Income protection insurance

Income Protection Insurance (IPI) is an insurance policy, available principally in the United Kingdom and Ireland, paying benefits to policyholders who are incapacitated and hence unable to work due to illness or accident. IPI policies were formerly called Permanent Health Insurance (PHI).


IPI policies offer a number of benefits in comparison to other insurance policies such as accident, sickness and unemployment insurance or personal accident and sickness (PAS):
  • Benefits are payable when the policyholder becomes incapacitated and after the deferred period has passed and continue until the earliest of death, recovery of health, retirement or the term of the contract.
  • Benefits are paid regularly (usually weekly or monthly) and are free of tax.
  • The insurance company cannot cancel or refuse to renew the policy provided that the policyholder continues to pay the premiums.
  • A waiver of premium option may be provided whereby premiums for the IPI policy are not required while benefits are being paid from the policy, but the policy cover continues as normal.

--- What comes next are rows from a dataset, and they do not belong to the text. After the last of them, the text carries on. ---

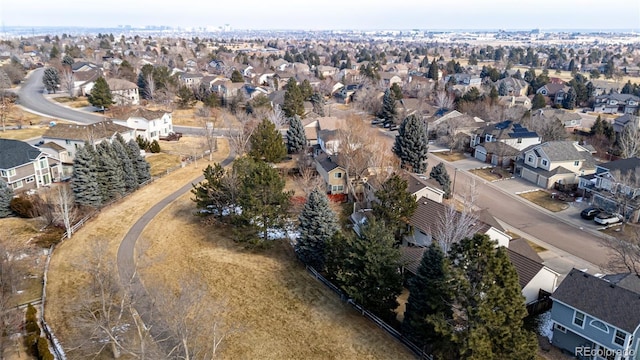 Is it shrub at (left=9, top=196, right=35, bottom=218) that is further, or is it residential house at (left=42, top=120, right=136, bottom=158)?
residential house at (left=42, top=120, right=136, bottom=158)

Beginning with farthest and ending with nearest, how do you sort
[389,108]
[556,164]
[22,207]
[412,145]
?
1. [389,108]
2. [412,145]
3. [556,164]
4. [22,207]

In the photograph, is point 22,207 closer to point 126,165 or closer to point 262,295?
point 126,165

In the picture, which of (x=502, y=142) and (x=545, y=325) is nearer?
(x=545, y=325)

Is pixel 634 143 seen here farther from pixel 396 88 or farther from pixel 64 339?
pixel 64 339

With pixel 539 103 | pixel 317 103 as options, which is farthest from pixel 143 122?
pixel 539 103

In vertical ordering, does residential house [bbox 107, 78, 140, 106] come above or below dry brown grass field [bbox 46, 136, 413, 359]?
above

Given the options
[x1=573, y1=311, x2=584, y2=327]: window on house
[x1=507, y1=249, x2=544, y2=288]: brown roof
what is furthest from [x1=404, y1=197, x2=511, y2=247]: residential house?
[x1=573, y1=311, x2=584, y2=327]: window on house

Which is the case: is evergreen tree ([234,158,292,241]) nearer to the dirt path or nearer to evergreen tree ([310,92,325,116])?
the dirt path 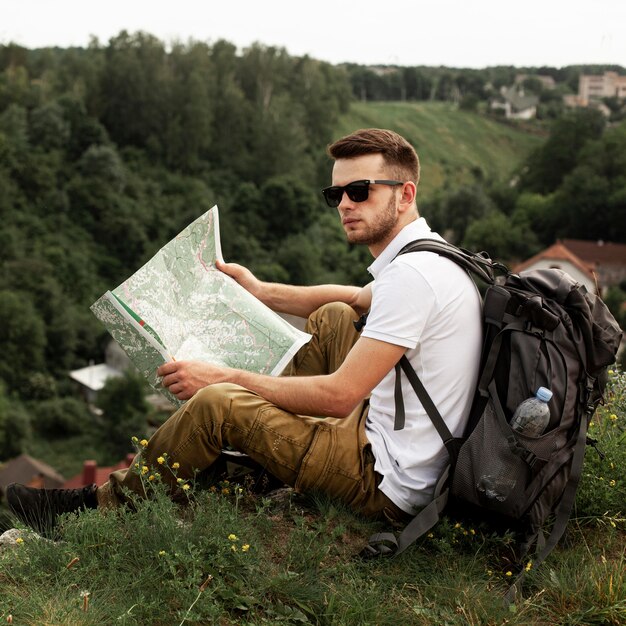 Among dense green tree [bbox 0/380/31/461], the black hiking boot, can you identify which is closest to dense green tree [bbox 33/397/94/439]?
dense green tree [bbox 0/380/31/461]

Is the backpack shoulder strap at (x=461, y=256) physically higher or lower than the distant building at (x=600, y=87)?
lower

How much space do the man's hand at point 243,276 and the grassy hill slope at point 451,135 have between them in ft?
221

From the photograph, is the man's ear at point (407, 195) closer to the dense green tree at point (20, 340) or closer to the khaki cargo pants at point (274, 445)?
the khaki cargo pants at point (274, 445)

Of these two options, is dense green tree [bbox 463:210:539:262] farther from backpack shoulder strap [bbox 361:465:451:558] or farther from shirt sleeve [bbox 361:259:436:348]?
shirt sleeve [bbox 361:259:436:348]

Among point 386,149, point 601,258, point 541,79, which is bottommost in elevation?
point 601,258

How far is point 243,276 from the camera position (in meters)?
4.10

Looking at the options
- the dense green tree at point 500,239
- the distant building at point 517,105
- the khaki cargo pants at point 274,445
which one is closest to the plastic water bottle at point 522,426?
the khaki cargo pants at point 274,445

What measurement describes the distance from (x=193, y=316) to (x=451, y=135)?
3294 inches

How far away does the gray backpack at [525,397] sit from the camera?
2.98m

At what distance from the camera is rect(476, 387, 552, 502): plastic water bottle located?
2916 millimetres

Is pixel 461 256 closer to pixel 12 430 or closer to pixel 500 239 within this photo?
pixel 12 430

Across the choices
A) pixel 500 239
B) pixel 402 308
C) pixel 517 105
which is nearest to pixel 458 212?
pixel 500 239

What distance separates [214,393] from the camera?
314 centimetres

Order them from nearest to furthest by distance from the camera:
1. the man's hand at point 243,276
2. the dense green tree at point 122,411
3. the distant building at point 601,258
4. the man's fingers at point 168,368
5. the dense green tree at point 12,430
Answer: the man's fingers at point 168,368 < the man's hand at point 243,276 < the dense green tree at point 12,430 < the dense green tree at point 122,411 < the distant building at point 601,258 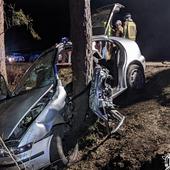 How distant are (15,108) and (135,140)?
219cm

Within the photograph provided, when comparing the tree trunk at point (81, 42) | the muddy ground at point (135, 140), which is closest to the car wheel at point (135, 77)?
the muddy ground at point (135, 140)

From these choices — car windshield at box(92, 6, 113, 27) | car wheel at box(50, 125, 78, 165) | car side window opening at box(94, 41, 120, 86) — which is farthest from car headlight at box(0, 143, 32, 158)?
car windshield at box(92, 6, 113, 27)

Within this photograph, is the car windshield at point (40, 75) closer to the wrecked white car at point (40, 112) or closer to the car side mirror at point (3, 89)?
the wrecked white car at point (40, 112)

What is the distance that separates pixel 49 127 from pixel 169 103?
9.84 feet

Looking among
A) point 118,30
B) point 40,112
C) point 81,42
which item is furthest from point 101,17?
point 40,112

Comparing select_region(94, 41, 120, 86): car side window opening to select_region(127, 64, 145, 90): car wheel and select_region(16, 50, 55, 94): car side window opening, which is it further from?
select_region(16, 50, 55, 94): car side window opening

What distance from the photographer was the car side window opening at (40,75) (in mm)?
9477

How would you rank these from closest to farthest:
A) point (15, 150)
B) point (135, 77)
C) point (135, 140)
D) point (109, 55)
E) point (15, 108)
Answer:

There are a number of restrictions that can affect a policyholder's eligibility for income protection insurance.
  • The policies do not pay out if the policyholder becomes unemployed for a reason other than illness or accident.
  • The deferred period is usually quite long, often a minimum of 4 weeks but perhaps as long as 52 weeks. Premiums decrease as the deferred period increases.
  • There are a number of exclusions which apply to most policies, so that no benefits are payable for accidents or illness arising from events such as drug or alcohol abuse, criminal acts, intentional self-harm, wars and pregnancy.
  • Due to the benefit limits, the maximum regular payment is usually restricted to prevent moral hazard – if the benefit exceeds the policyholder's income they have a reduced incentive to return to work once their health recovers.
  • On change of occupation (or unemployment) of the policyholder the policy may become invalid, or the life office may require the premiums to be changed to reflect the new risk.
  • For individual policies, as the benefits paid are not taxable income, the tax relief available to the policyholder may be reduced so, for example, tax relief on pension contributions is no longer available.